ANALISIS PUTUSAN MAHKAMAH KONSTITUSI No. 46/PUU-VIII/2010 TENTANG ANAK DILUAR NIKAH
DOI:
https://doi.org/10.32678/bildalil.v1i01.120Keywords:
Hak Anak, Putusan Mahkamah Konstitusi, Anak di luar NikahAbstract
Setiap anak mempunyai harkat dan martabat yang patut dijunjung tinggi, dan setiap anak yang terlahir harus mendapat hak-haknya tanpa anak tersebut meminta. Hak tersebut merupakan hak dasar yang secara kodrati melekat pada diri manusia, bersifat universal dan langgeng.

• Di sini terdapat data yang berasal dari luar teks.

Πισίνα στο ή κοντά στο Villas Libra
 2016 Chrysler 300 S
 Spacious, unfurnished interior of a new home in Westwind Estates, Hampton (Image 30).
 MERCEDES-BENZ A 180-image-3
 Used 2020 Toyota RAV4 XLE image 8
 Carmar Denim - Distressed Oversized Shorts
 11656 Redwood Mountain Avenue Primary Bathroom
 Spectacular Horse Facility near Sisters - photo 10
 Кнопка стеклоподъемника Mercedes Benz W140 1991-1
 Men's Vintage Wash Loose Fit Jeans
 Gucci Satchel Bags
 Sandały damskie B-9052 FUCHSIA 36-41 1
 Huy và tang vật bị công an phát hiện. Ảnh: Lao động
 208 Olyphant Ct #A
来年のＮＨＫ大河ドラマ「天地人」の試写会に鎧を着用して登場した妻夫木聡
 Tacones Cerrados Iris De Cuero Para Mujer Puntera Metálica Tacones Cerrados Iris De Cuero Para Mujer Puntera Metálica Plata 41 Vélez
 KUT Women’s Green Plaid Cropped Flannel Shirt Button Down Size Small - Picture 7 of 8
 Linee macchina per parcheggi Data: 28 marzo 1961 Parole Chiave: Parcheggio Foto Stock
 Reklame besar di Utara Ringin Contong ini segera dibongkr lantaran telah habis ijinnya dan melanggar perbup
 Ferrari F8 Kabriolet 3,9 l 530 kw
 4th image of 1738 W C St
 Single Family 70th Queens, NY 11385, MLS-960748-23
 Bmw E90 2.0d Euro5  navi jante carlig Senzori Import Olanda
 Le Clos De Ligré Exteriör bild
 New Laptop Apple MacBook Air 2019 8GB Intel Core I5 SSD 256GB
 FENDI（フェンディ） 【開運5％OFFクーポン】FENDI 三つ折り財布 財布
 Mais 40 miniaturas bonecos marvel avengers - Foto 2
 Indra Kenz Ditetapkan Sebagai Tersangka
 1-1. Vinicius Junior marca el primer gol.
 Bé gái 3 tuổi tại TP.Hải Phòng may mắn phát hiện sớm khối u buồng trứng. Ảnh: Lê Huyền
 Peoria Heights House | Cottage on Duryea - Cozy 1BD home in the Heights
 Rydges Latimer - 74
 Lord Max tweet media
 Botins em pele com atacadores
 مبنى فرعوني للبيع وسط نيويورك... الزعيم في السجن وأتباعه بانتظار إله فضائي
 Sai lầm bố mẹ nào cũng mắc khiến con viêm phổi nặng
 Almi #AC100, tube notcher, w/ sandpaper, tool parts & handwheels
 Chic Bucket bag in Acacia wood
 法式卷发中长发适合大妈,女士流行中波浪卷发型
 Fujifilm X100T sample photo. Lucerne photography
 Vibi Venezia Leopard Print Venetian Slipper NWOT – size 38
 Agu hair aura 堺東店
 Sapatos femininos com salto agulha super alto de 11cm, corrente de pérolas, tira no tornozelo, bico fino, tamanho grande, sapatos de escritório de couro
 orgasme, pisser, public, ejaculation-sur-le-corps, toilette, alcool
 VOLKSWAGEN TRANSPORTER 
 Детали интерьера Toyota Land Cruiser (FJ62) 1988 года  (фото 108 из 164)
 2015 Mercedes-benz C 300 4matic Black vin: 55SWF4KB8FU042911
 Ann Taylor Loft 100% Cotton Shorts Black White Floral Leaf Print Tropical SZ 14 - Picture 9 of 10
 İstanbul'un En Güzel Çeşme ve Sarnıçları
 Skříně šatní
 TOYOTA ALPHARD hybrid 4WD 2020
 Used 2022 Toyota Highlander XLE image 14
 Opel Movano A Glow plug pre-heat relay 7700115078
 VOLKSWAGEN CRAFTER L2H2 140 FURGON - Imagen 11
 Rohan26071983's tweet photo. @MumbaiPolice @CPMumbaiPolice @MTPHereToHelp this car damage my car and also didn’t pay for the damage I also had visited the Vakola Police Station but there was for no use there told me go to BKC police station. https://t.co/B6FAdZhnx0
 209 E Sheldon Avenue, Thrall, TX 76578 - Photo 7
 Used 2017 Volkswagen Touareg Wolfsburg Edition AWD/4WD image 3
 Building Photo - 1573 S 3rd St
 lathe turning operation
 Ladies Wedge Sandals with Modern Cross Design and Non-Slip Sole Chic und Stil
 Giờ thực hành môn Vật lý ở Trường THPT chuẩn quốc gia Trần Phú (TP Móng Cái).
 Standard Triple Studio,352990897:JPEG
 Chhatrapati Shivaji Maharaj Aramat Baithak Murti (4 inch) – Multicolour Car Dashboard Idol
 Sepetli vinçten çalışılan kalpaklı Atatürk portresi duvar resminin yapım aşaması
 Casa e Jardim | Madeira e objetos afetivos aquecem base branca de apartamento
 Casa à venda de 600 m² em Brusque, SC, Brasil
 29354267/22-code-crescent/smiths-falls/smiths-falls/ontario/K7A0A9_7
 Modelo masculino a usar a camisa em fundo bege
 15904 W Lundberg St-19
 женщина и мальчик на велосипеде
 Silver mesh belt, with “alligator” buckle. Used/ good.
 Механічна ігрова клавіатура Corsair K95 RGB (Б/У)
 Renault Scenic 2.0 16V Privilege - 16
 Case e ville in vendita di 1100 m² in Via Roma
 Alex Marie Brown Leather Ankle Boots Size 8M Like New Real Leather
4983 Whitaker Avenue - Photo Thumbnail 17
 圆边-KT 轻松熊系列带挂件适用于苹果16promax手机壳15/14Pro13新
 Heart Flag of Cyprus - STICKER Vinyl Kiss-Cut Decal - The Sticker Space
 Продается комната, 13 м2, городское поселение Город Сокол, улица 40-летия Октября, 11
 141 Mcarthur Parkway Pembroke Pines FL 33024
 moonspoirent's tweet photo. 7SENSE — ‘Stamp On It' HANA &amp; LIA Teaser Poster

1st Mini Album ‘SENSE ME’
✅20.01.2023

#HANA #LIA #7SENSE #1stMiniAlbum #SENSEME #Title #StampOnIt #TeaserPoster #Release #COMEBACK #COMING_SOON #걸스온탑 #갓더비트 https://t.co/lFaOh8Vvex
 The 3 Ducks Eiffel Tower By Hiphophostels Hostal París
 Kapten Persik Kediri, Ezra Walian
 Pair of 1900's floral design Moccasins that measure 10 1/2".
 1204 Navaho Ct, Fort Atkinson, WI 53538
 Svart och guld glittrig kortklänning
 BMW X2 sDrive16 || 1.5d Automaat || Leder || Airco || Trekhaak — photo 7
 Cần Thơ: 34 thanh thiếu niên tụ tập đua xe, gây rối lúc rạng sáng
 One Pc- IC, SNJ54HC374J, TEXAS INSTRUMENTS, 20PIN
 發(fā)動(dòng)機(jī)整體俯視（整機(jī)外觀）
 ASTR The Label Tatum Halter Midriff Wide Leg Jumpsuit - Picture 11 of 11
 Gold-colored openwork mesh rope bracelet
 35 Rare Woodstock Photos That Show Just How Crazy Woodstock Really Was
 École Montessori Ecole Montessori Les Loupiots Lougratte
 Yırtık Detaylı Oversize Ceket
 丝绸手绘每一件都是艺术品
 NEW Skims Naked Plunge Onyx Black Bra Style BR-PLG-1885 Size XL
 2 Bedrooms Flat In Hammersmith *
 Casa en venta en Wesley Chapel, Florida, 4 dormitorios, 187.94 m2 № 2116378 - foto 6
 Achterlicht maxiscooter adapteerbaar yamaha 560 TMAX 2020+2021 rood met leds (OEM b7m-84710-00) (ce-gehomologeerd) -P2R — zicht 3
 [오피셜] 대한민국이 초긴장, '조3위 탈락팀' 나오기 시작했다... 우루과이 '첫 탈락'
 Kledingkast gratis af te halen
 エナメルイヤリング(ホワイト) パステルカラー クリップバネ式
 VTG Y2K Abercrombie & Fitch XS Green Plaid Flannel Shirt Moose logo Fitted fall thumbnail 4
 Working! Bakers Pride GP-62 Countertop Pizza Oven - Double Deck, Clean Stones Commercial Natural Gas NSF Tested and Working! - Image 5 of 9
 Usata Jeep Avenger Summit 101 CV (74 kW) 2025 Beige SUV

Oleh karena itu harus dilindungi, dihormati, dipertahankan, dan tidak boleh diabaikan, dikurangi atau dirampas oleh siapapun. Kedudukan anak di luar nikah tersebut akan menjadi beban bagi ibunya dan keluarga ibunya, dan status hukum anak juga tidak terjangkau oleh hukum seperti dalam penentuan keabsahan anak seperti status akta kelahiran anak. Padahal, di dalam kelahiran anak di luar nikah sang anak tidak berdosa sama sekali melainkan perbuatan hubungan antara kedua orangtuanya yang menyebabkan kelahirannya ke muka bumi ini. Keabsahan anak terkait erat dengan keabsahan suatu perkawinan antara kedua orangtuanya. Peraturan perundangan menentukan anak sah adalah anak yang dilahirkan dari perkawinan yang sah. Selain itu, hak anak untuk hidup, tumbuh dan berkembang kurang diberi perlindungan hukum, mengingat ibu anak di luar nikah akan dihadapkan pada pemenuhan kebutuhan materi maupun psikis bagi anak tersebut, sementara ayahnya tidak dibebani dengan kewajiban dan tanggung jawab. Cita hukum yang terkadung dalam pasal 43 ayat (1) UU No. 1974, adalah berupaya untuk memberikan perlindungan hukum terhadap hak anak. Selain itu juga berupaya untuk memulihkan kerugian yang timbul dari kelahiran anak di luar perkawinan.